Labour forces Tory U-turn on Universal Credit
By Dara O'Coghaidhin
ON OCTOBER 18, Labour unanimously won a symbolic opposition day vote calling for a pause in the introduction of Universal Credit. The motion was non-binding but the result is a fresh sign of the government’s vulnerability, with Tory MPs ordered to abstain from the vote. Earlier that day, facing growing disquiet from her own backbenchers, prime minister Theresa May was forced to announce the scrapping of charges of up to 55p a minute for calls to the Universal Credit helpline.
Universal Credit represents the biggest change to the welfare system undertaken since its inception. It has seen the introduction of some of the most severe and punitive benefit cuts for decades, meaning that millions of families moving onto Universal Credit will be worse off. New claimants wait a minimum of 6 weeks for their first payment, forcing people into a spiral of debt as rent arrears soar and as claimants resort to borrowing from payday or doorstep lenders.
A damning study from the Smith Institute, examining 775 rent accounts in London’s Southwark and Croydon boroughs, revealed that the average claimant had £156 in rent arrears 20 weeks after moving on to the benefit, despite being in credit at a similar stage under the old Housing Benefit.
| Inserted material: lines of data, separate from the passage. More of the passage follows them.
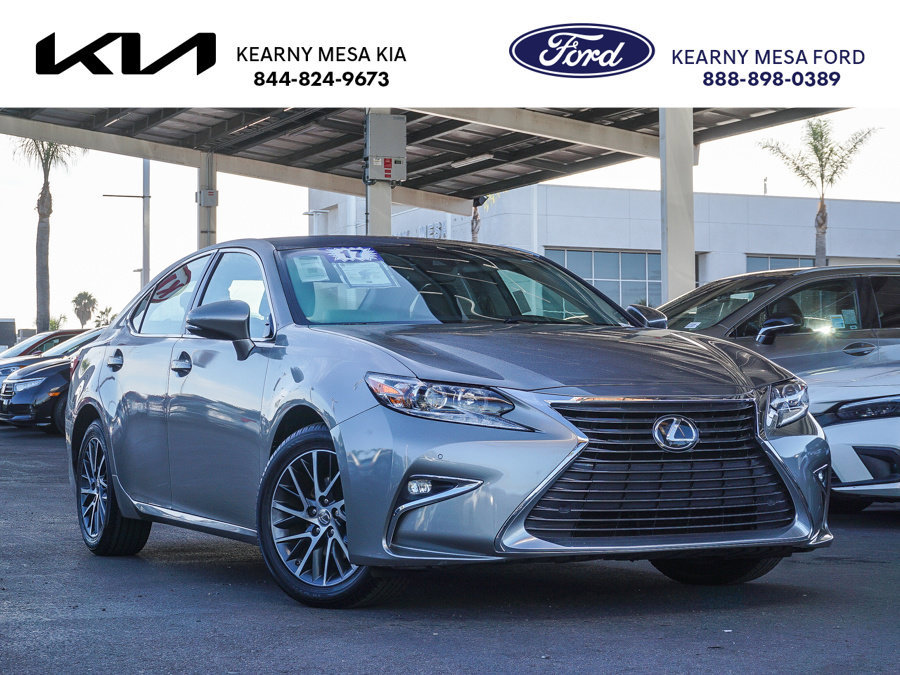 Used 2017 Lexus ES 350 w/ Navigation System Package FWD image 1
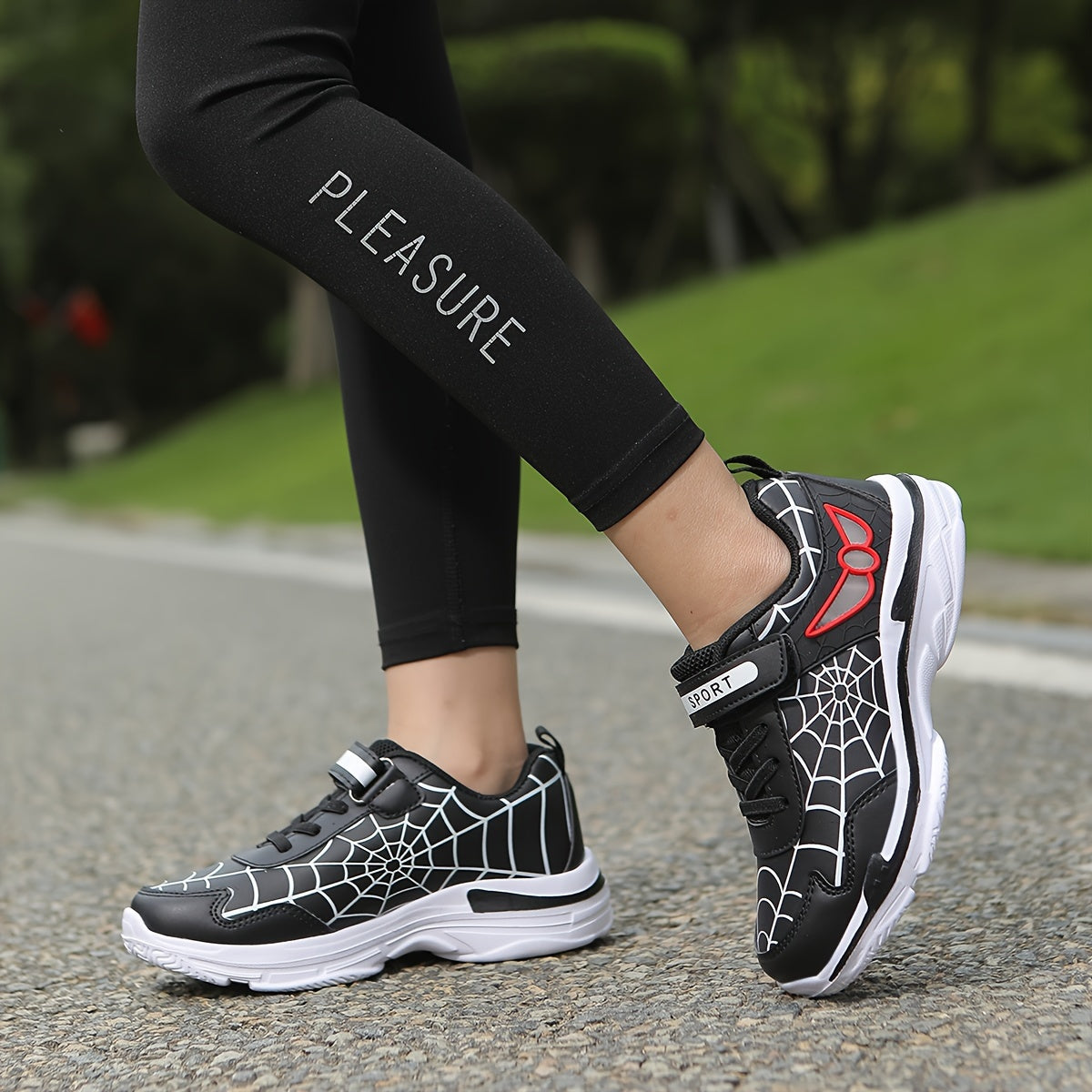 Kids Fashion Sneakers Breathable Lightweight Sport Casual Shoes with Cartoon Spider Web Design, Closure, Low Top PU and Fabric for Boys and Girls – Versatile All-Season Footwear for Outdoor Activities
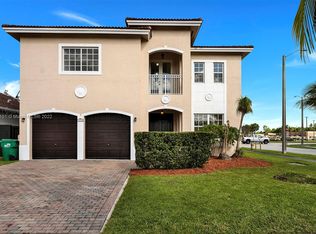 13531 SW 176th Ter, Miami, FL 33177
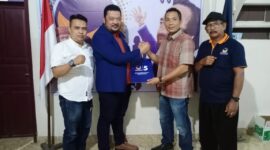 Bakal Calon Bupati Pesisir Selatan Rodi Chandra saat mendaftar ke Partai Nasdem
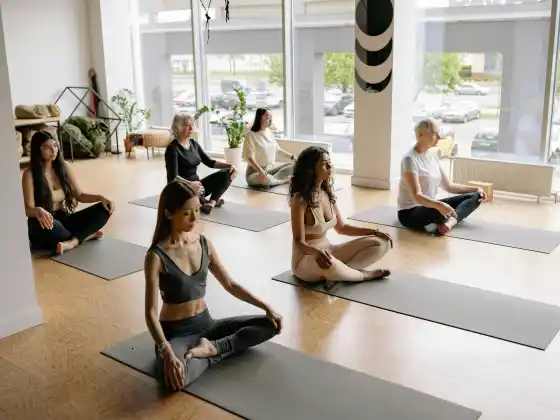 Flujo de yoga al amanecer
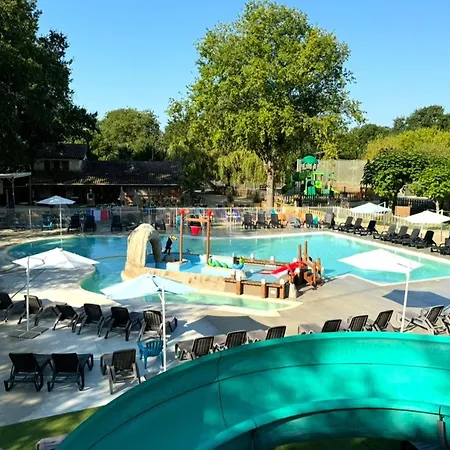 Mobil Spacieux - 7 Pers. - Api-1-52-2159 Campsite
Most claimants said they had never been in arrears before.
The strict eligibility conditions imposed amount to a loss of up to £200 a month for many working families. One food bank quoted in the Smith Institute study saw a 179 per cent spike in the number of families with children coming through its doors. According to the Trussell Trust, food bank usage in the uk has reached an all-time high, with a record 1.2 million emergency food parcels handed out last year. Nearly 43 per cent of food bank users in 2016-17 reported that they were in a crisis situation due to changes or delays to their benefit payments.
Many Tory mps see food banks as a worthy charitable exercise, with Jacob Rees-Mogg describing them as “rather uplifting”. In fact they are an indictment of a capitalist Britain where 13 million live below the poverty line. And the explosion of food poverty is set to get worse, as Brexit threatens to affect food prices. In September, union Unite made a freedom of information request after discovering the government’s suppression of data on expected food price inflation when Britain leaves the eu. This will push up inflation overall and will drive even more people into poverty.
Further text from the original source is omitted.